- Task requirements -
In the listing below, locate the line containing "ask for re-try 4 times" and the line containing "S: Close Application". Output both of them and every line between, exactly as written, and nothing more.

Data for review Block Start

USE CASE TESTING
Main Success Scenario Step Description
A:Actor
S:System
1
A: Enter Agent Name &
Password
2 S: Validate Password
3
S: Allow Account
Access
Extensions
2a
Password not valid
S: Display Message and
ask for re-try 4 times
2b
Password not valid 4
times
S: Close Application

Data for review Block End
Data for review Block Start

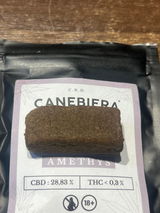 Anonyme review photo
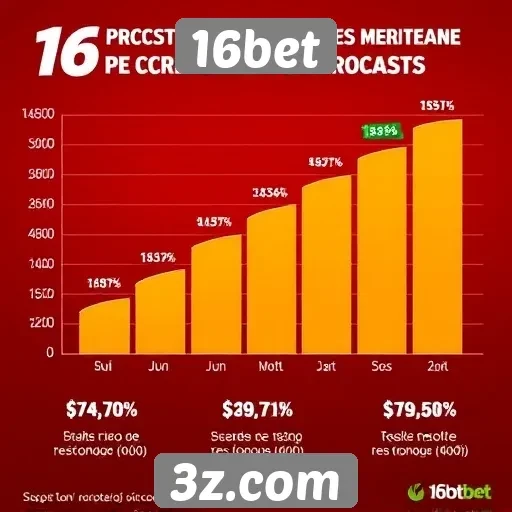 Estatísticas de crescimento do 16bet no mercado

Data for review Block End
Data for review Block Start

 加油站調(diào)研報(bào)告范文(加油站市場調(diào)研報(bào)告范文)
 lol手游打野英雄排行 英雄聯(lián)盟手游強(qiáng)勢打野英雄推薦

Data for review Block End

- Worked solution -
ask for re-try 4 times
2b
Password not valid 4
times
S: Close Application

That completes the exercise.